Meski bodi antipeluru berhasil mencegah jatuhnya korban jiwa, insiden ini menyisakan luka tak kasatmata yang membekas mendalam bagi para pekerja.
Bodi Antipeluru Selamatkan Fisik, Bukan Mental
Penggunaan bus berbodi baja dan kaca tebal memang terbukti efektif menjadi ‘perisai’ dari dentuman peluru. Namun, berada di dalam kabin tertutup saat rentetan tembakan menghantam dinding kendaraan adalah pengalaman mencekam yang memicu kecemasan hebat (acute stress response). Dentuman peluru yang menghantam kaca bukan sekadar kerusakan material, melainkan teror nyata yang menghantui pikiran setiap kali mereka harus melintasi rute yang sama.
Ancaman Post-Traumatic Stress Disorder (PTSD) di Tempat Kerja
Bagi para buruh dan teknisi tambang, ancaman serangan mendadak menciptakan kondisi hypervigilance—kondisi di mana tubuh dan pikiran terus-menerus berada dalam mode siaga bahaya. Dampak jangka panjangnya jelas: penurunan fokus kerja, gangguan tidur, hingga Post-Traumatic Stress Disorder (PTSD). Di lingkungan kerja industri berat berisiko tinggi seperti pertambangan, hilangnya konsentrasi akibat trauma psikologis justru bisa memicu kecelakaan kerja fatal lainnya.
Urgensi Pendampingan Trauma dan Evaluasi Protokol Keselamatan
Kondisi ini menuntut penanganan yang tidak lagi berfokus pada perbaikan fisik armada semata. Manajemen perusahaan dan pihak terkait didesak untuk menghadirkan langkah konkrit:
- Layanan Trauma Healing Masif: Menyediakan tim psikolog industri secara berkelanjutan di area barak dan site untuk mendampingi pekerja yang terpapar peristiwa traumatis.
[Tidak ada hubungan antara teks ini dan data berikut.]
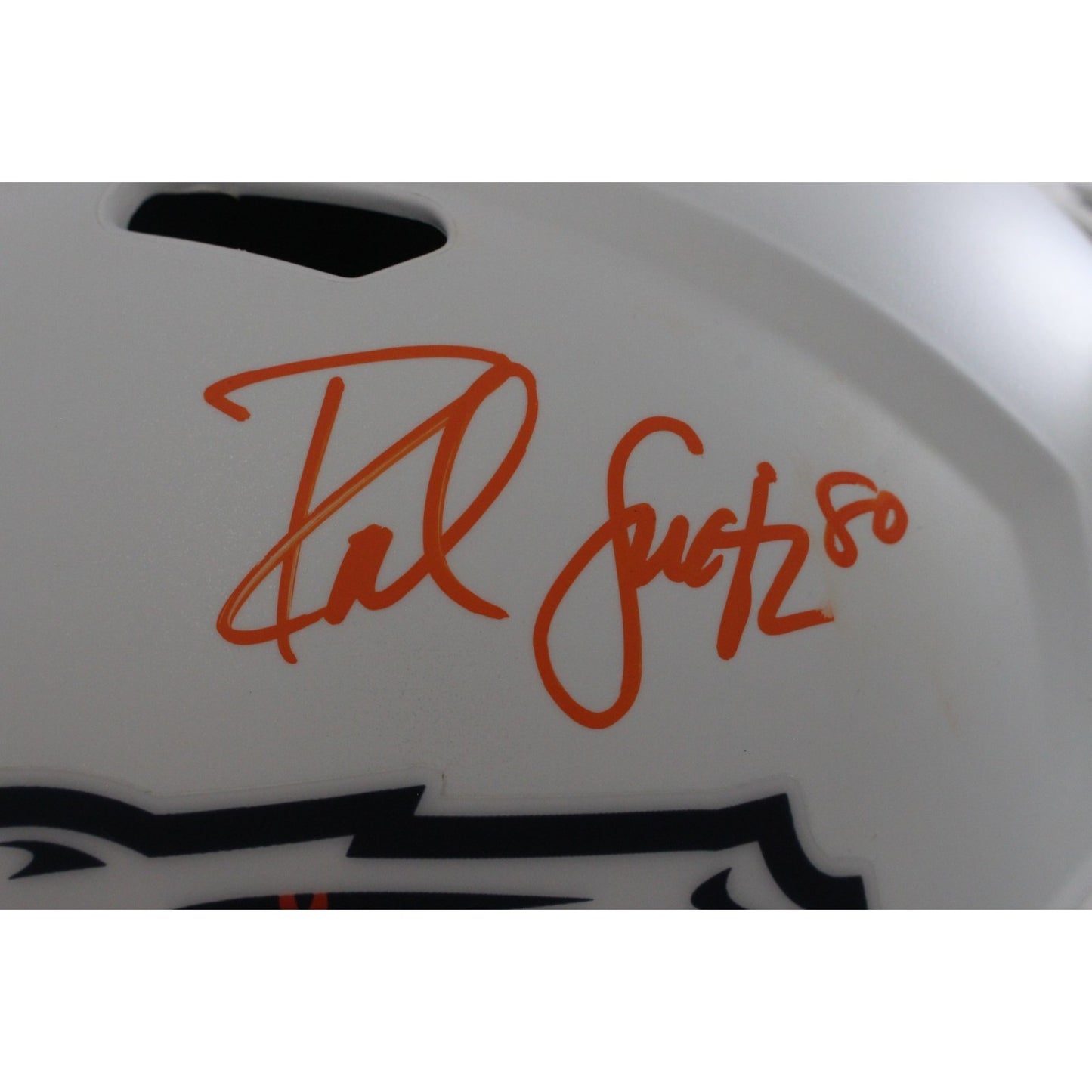 Ed McCaffrey & Rod Smith Signed Denver Broncos Full Size Alternate Helmet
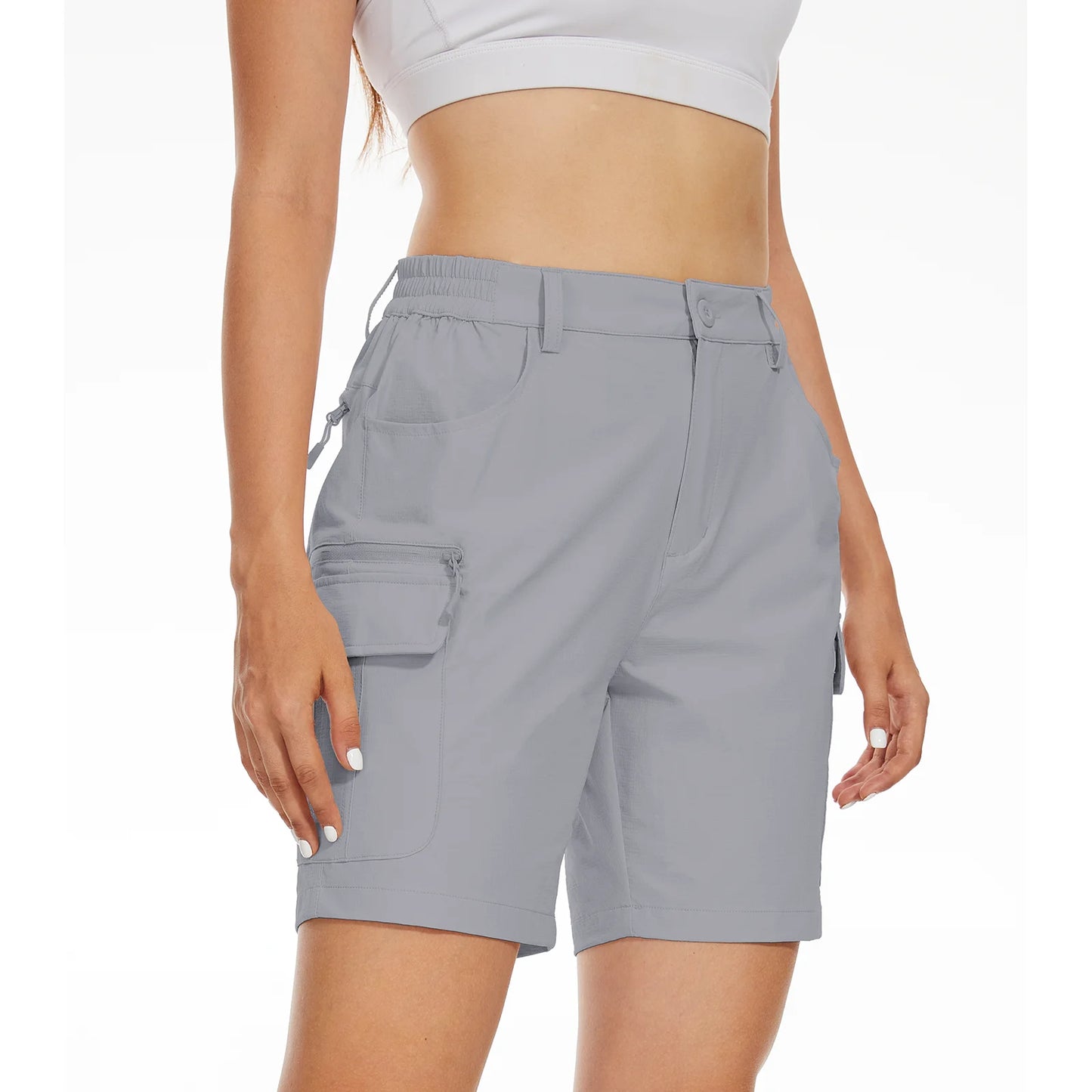 Women's Quick-Dry Hiking Shorts - Lightweight, Water-Resistant, Breathable Cargo Shorts for Outdoor, Running & Golf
- Jaminan Keselamatan Holistik: Memastikan rotasi kerja yang humanis bagi pekerja yang mengalami guncangan mental, serta tidak menuntut produktivitas penuh saat situasi keamanan di jalur transportasi belum sepenuhnya steril.
Bagi ribuan pekerja di Mimika, setiap perjalanan menuju area tambang bukan lagi sekadar berangkat kerja, melainkan perjudian bernyawa yang membutuhkan perlindungan nyata—baik untuk fisik maupun mental mereka.